→ **ASSIGNMENT**
Return the stretch from the line with "Girl Uses A" through the line with "Avulsion fracture of" in the data below, character for character, skipping all pictures.

-------- RECORDS TO PROCESS

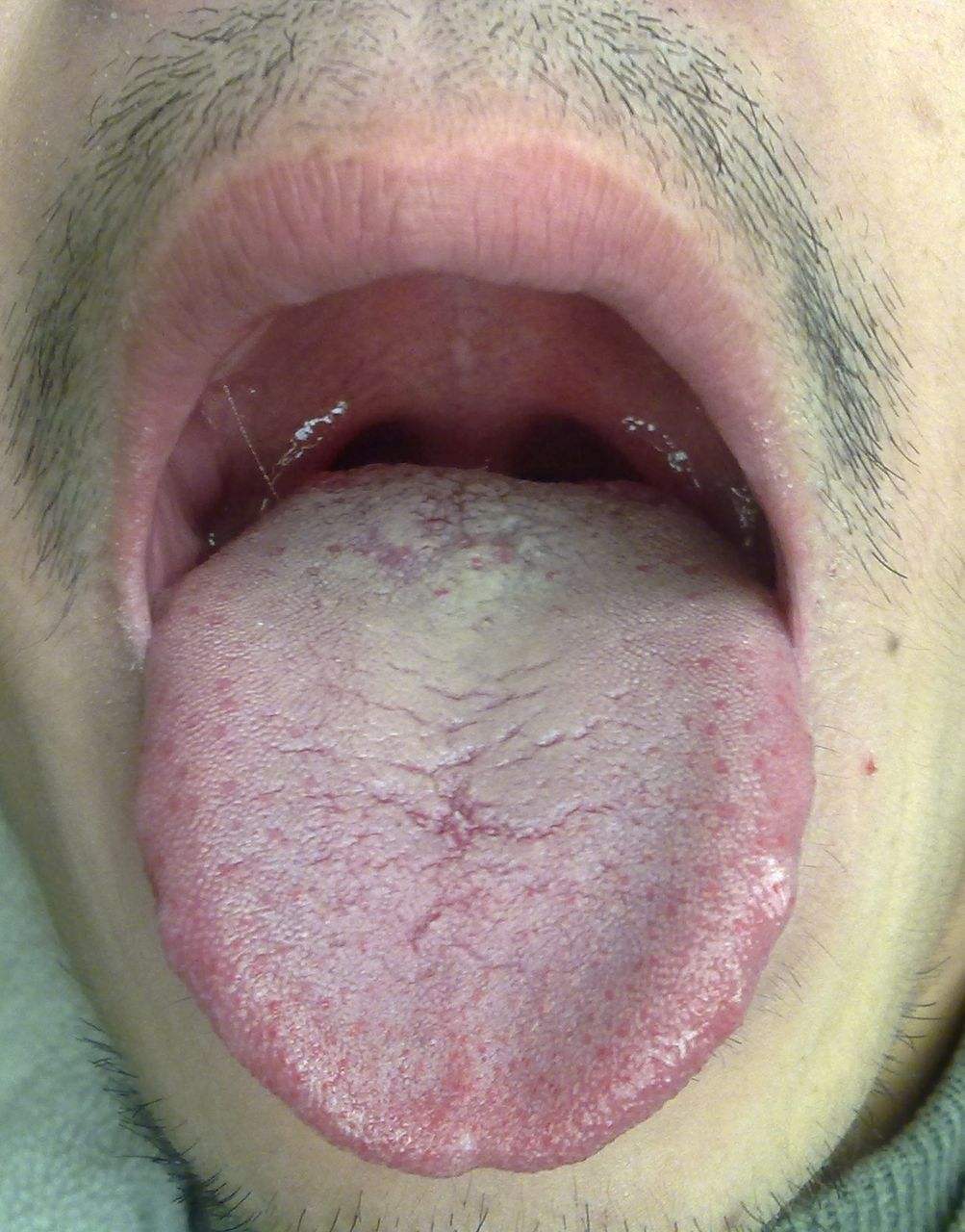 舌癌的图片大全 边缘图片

----------------
-------- RECORDS TO PROCESS

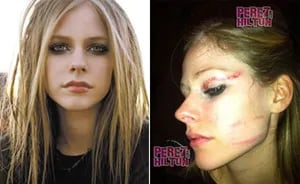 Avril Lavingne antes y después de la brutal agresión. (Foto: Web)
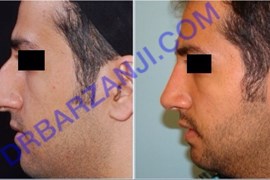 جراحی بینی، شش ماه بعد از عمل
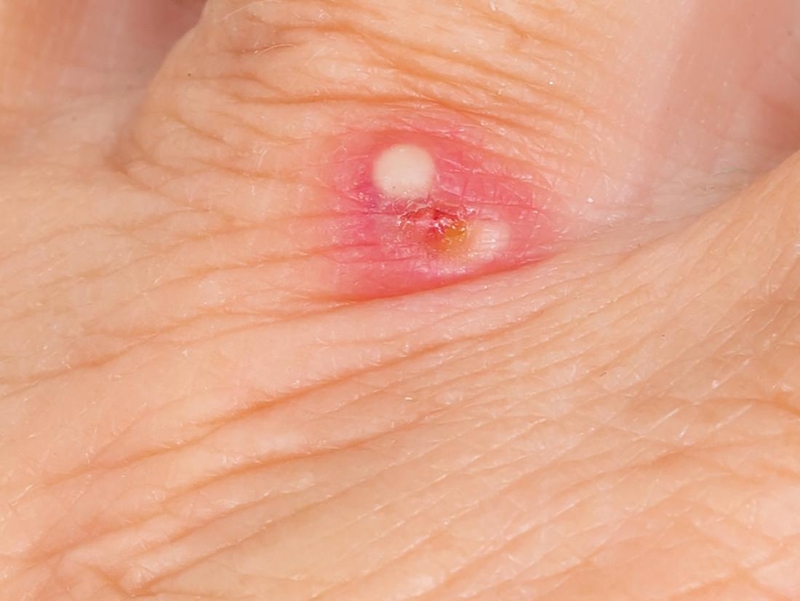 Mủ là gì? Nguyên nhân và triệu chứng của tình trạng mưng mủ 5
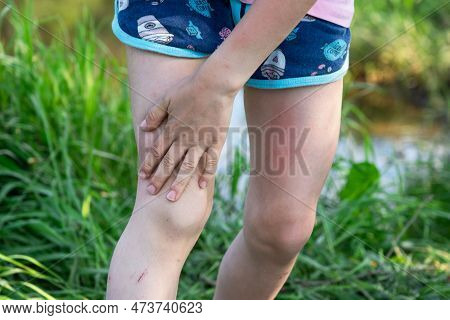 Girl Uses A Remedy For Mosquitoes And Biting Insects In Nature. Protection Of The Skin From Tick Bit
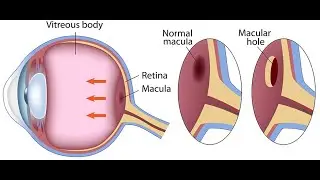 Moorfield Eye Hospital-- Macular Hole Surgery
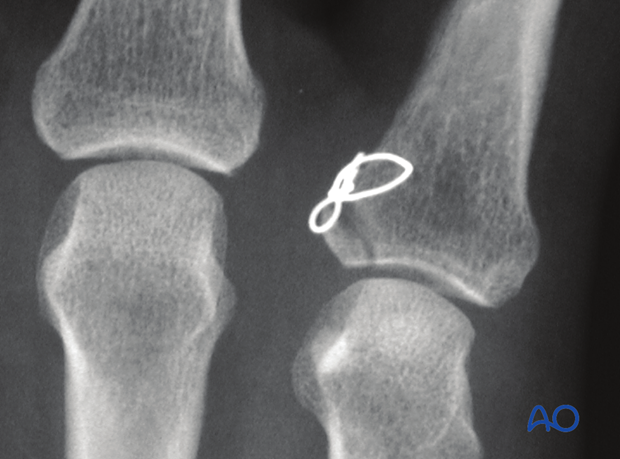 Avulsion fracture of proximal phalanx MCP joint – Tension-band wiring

----------------

→ **OUTPUT FOR THIS TASK**
 Girl Uses A Remedy For Mosquitoes And Biting Insects In Nature. Protection Of The Skin From Tick Bit
 Moorfield Eye Hospital-- Macular Hole Surgery
 Avulsion fracture of proximal phalanx MCP joint – Tension-band wiring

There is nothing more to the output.